Hoje, existem algumas opções de stablecoins [que funcionam como representações de moedas fiduciárias tradicionais no mundo dos criptoativos], como o BUSD [que tem a cotação atrelada ao dólar], que é uma moeda estável regulada e outras como USDT e TrueUSD. Essas são realmente boas opções para aqueles que estão preocupados com as flutuações dos criptoativos e que desejam ter seu patrimônio pareado com moedas fiduciárias. Logo, elas servem como um bom meio termo para essas pessoas. O único ponto é que elas também precisam usar a tecnologia blockchain para transferir valores de um lugar para outro do mundo.
Fazer os ajustes para que uma inovação consiga se inserir em uma estrutura regulatória que não mudou muito nos últimos 90 anos é sempre um desafio. Afinal, a SEC foi formada após a crise financeira de 1929. Ter um ETF do criptoativo é bom, mas não tê-lo não acaba com os negócios. O preço do bitcoin aumentou consistentemente na última década sem ter um fundo de índice. Então, eu penso que a criptomoeda vai ficar bem com ou sem ele.
Foram tantas as vezes que pequenos grupos de pessoas esperaram pela aprovação e que receberam um "não" como resposta que eu sinto que os players do setor já não esperavam mais por isso (risos). Portanto, o preço já está definido. A cotação não muda com as rejeições. O preço pode subir se houver aprovação, caso isso ocorra um dia. Quem sabe.
A decisão é dos reguladores dos EUA, mas o projeto Libra do Facebook educará muita gente sobre criptomoedas e várias pessoas passarão a adotá-las. Isso é bom para a indústria no longo prazo. Até onde podemos ver, o desenvolvimento da Libra ainda está a todo vapor e não ficaríamos surpresos ao vê-lo se materializar no mercado em breve.

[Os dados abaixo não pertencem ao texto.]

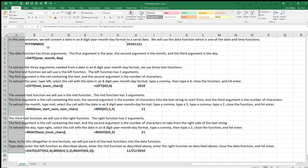The third text function we will use is the RIGHT function. The RIGHT function has two arguments: the first argument is the cell containing the text, and the second argument is the number of characters to take from the right side of the text string. To extract the day, type RIGHT, select the cell with the date in an 8-digit year-month-day format, type a comma, then type a two, close the function, and hit Enter.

Estamos desenvolvendo nossas equipes locais nos principais países, como o Brasil, e em breve teremos mais pessoas para cobrir as atividades mais importantes, como depósitos em várias moedas e suporte ao usuário. Hoje, aceitamos reais por transferência bancária e cartão de crédito por meio de parceiros. Temos um grupo no Telegram para ajudar os usuários e uma equipe de pessoas que falam português. É realmente uma área de melhoria, mas estamos felizes em oferecer suporte ao cliente "24/7". Além disso, nosso site tem versão em português e estamos implementando a tradução do aplicativo que será lançada em breve. Também temos o nosso site educacional, a Binance Academy, que possui uma versão em português.
Temos uma pequena equipe responsável pelos mercados brasileiro e latino-americano, mas estamos contratando mais. Além disso, estamos trabalhando na tradução de todos os nossos produtos. Estamos analisando várias oportunidades de investimento no Brasil, mas eu não posso compartilhar os detalhes financeiros delas agora.